_THE DATA_
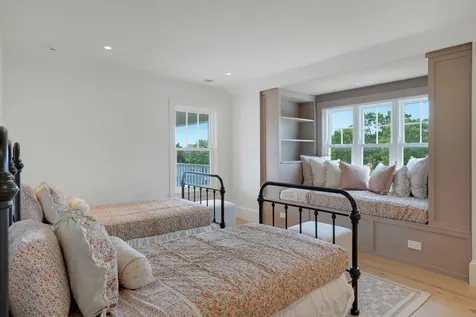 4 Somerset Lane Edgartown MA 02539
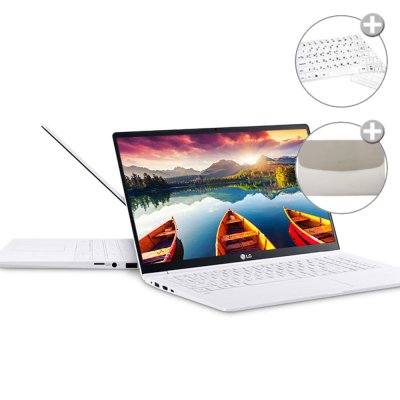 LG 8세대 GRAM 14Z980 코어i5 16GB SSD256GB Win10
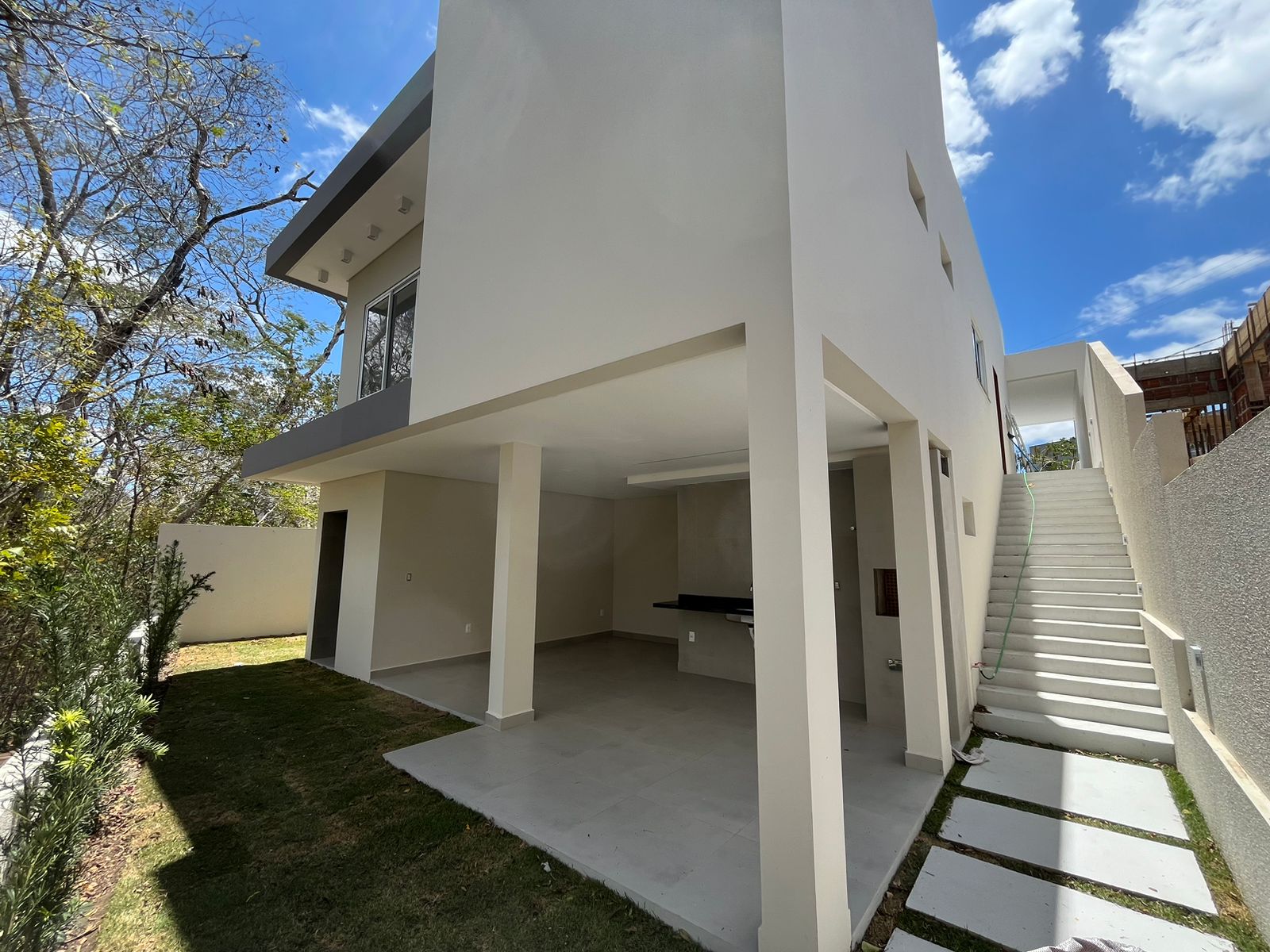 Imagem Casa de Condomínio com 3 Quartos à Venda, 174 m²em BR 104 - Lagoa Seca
* * *
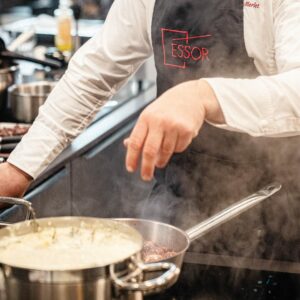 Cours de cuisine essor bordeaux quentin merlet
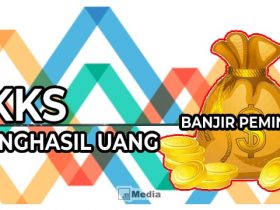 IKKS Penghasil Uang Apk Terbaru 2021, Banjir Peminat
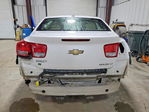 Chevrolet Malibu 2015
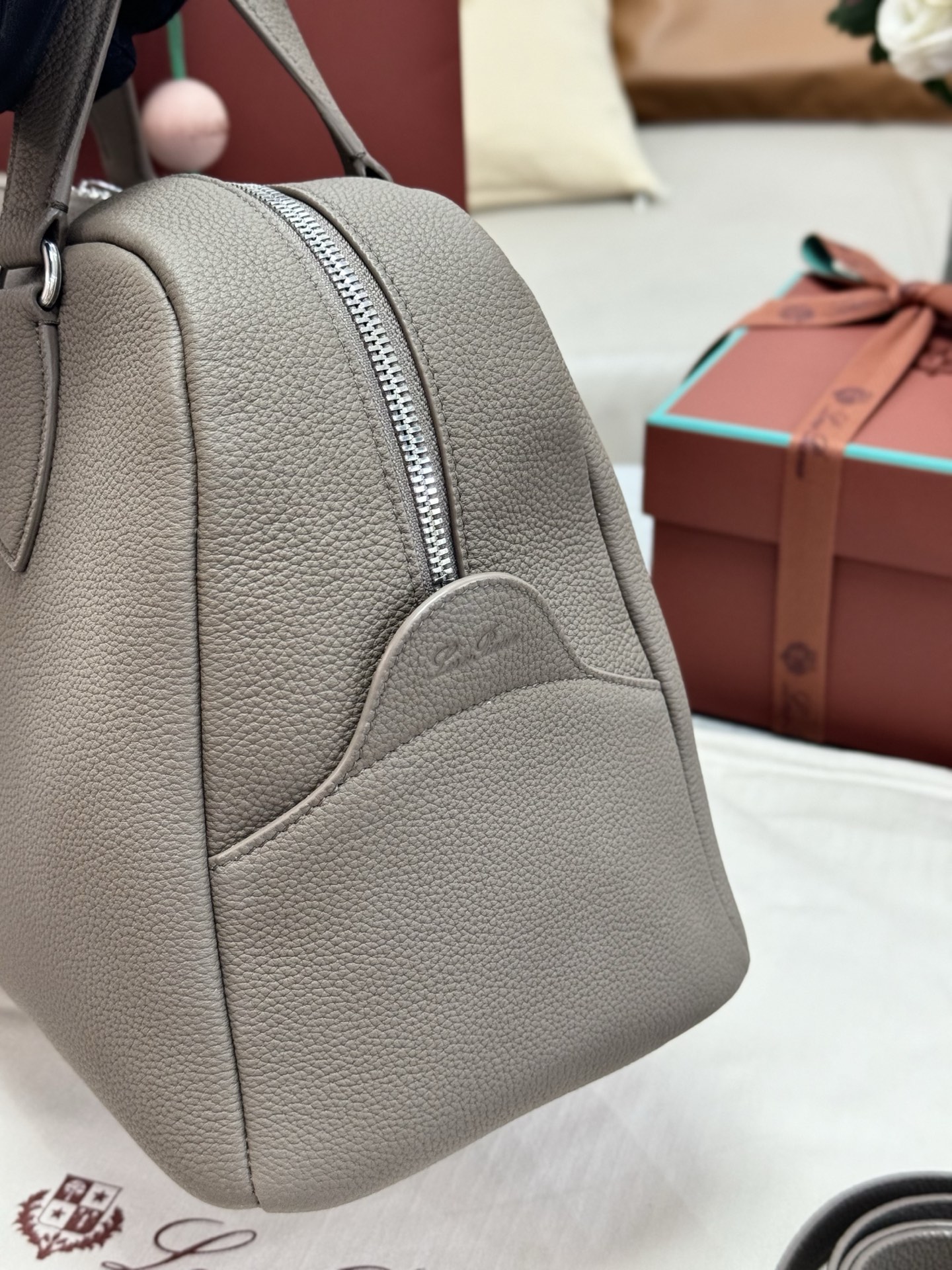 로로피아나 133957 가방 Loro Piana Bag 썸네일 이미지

_EXERCISE REQUIREMENTS_
Working from the entries above, please transcribe only the lines from the line with "4 Somerset Lane Edgartown MA 02539" through the line with "Imagem Casa de", exactly, with both end lines and without pictures.

_ANSWER TO THIS PROBLEM_
 4 Somerset Lane Edgartown MA 02539
 LG 8세대 GRAM 14Z980 코어i5 16GB SSD256GB Win10
 Imagem Casa de Condomínio com 3 Quartos à Venda, 174 m²em BR 104 - Lagoa Seca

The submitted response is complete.